Primitive anomaly detection system for credit card transactions using statistical measures
In this challenge you are asked to implement a primitive anomaly detection system for credit card transactions. You are provided with a .csv file which mimics a real-time credit card purchase feed. The transactions have the following format: AccountId, MerchantId, TransactionAmount Notice that sometimes there is data corruption, and a meaningless extra column might appear. Your goal is to flag up anomalous transactions in real-time for further inspection by an expert. You decided to approach this problem by quantifying how much an incoming transaction deviates from the typical transaction for the customer in question. This exercise also tests your software engineering skills, so we recommend sticking to best practices, such as clear and document code and a sufficient number of automated tests. We suggest you use Python, but you may use R, C++, or Java, if you prefer.
Is your data in good shape? Note down how serious the data corruption is and describe how you deal with this problem.

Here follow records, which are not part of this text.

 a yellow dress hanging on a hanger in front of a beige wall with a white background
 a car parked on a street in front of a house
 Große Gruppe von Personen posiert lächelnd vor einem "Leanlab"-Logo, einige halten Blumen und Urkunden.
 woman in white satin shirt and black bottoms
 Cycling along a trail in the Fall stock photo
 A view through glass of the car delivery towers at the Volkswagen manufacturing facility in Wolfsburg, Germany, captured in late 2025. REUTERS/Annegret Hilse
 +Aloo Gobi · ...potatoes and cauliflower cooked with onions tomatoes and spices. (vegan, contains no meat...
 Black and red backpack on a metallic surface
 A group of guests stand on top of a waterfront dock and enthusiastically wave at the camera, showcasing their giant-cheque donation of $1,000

To build up knowledge of the typical transaction, you accumulate some simple statistics about each customer. Write a program that reads event data from a file, tracks the mean transaction amount (η) for each customer and its standard deviation (σ), and prints it to standard output after every transaction. Suppose you observe a new transaction for d dollars. You can use η and σ to detect whether it’s an anomaly by checking if d differs from η by at least 3 standard deviations. Update your program with this simple detector and output any warnings into a log. Is your detector working reliably when it has seen very few transactions per customer? One approach to mitigate the initial lack of data is to fall back on the global statistics. Implement tracking mean transaction amount and its variance globally (for all customers) and update your detector to use this information when needed.
This simple set of statistics can be extended to track the minimum and maximum transaction value, as well as the ratio between the current value and the historical minimum. Extend your program to track these 3 quantities.